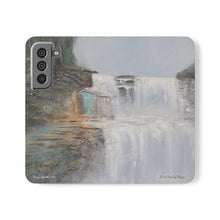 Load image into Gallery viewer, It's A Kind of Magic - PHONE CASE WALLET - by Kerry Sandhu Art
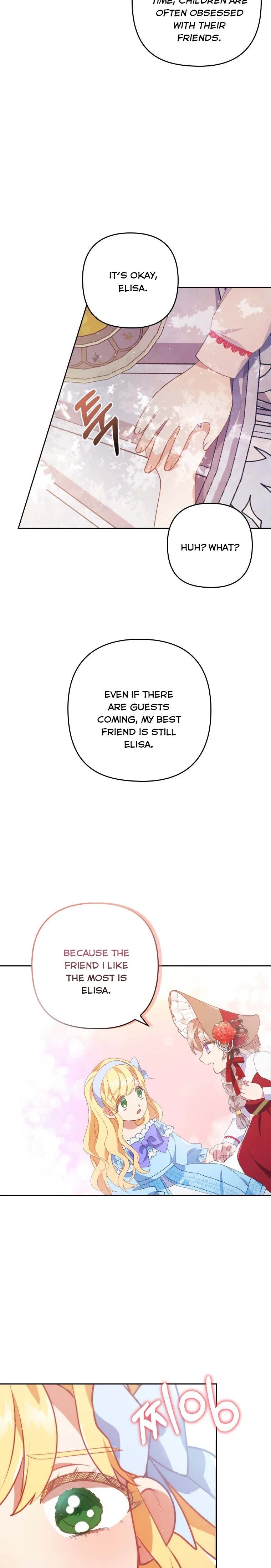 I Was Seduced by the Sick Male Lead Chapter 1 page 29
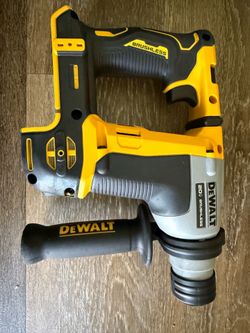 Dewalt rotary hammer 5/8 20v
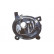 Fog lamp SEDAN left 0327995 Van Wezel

--- --- ---

§ **Task to complete**:
Only the lines from the one containing "I Was Seduced" through the last line of the data belong in the copy, both included and reproduced exactly. Pictures do not.

§ **Reply to the task**:
 I Was Seduced by the Sick Male Lead Chapter 1 page 29
 Dewalt rotary hammer 5/8 20v
 Fog lamp SEDAN left 0327995 Van Wezel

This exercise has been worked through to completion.